#### [Given entries]
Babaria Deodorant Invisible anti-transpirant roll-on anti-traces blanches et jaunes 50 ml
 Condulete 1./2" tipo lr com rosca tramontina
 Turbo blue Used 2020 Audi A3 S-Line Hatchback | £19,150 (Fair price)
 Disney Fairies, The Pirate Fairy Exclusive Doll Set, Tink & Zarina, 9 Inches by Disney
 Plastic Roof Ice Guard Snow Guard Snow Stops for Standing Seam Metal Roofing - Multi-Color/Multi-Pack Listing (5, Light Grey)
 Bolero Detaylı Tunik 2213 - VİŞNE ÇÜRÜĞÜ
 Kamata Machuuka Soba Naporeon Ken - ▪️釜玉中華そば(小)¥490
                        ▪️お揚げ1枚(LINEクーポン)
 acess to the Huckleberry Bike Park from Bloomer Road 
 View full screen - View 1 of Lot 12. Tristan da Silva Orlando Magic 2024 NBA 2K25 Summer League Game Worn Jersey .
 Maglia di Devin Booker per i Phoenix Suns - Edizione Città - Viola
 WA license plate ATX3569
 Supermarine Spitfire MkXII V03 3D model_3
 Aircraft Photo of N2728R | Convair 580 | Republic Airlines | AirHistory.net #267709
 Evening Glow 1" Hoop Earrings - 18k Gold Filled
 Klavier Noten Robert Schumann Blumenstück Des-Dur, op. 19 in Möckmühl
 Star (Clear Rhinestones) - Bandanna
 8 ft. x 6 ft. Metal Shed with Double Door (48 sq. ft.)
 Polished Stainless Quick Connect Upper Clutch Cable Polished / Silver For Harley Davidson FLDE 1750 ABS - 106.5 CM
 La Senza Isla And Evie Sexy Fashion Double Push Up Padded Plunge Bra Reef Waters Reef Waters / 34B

#### [Exercise objective]
What you return should match the entries above exactly.

#### [Output of the exercise]
Babaria Deodorant Invisible anti-transpirant roll-on anti-traces blanches et jaunes 50 ml
 Condulete 1./2" tipo lr com rosca tramontina
 Turbo blue Used 2020 Audi A3 S-Line Hatchback | £19,150 (Fair price)
 Disney Fairies, The Pirate Fairy Exclusive Doll Set, Tink & Zarina, 9 Inches by Disney
 Plastic Roof Ice Guard Snow Guard Snow Stops for Standing Seam Metal Roofing - Multi-Color/Multi-Pack Listing (5, Light Grey)
 Bolero Detaylı Tunik 2213 - VİŞNE ÇÜRÜĞÜ
 Kamata Machuuka Soba Naporeon Ken - ▪️釜玉中華そば(小)¥490
                        ▪️お揚げ1枚(LINEクーポン)
 acess to the Huckleberry Bike Park from Bloomer Road 
 View full screen - View 1 of Lot 12. Tristan da Silva Orlando Magic 2024 NBA 2K25 Summer League Game Worn Jersey .
 Maglia di Devin Booker per i Phoenix Suns - Edizione Città - Viola
 WA license plate ATX3569
 Supermarine Spitfire MkXII V03 3D model_3
 Aircraft Photo of N2728R | Convair 580 | Republic Airlines | AirHistory.net #267709
 Evening Glow 1" Hoop Earrings - 18k Gold Filled
 Klavier Noten Robert Schumann Blumenstück Des-Dur, op. 19 in Möckmühl
 Star (Clear Rhinestones) - Bandanna
 8 ft. x 6 ft. Metal Shed with Double Door (48 sq. ft.)
 Polished Stainless Quick Connect Upper Clutch Cable Polished / Silver For Harley Davidson FLDE 1750 ABS - 106.5 CM
 La Senza Isla And Evie Sexy Fashion Double Push Up Padded Plunge Bra Reef Waters Reef Waters / 34B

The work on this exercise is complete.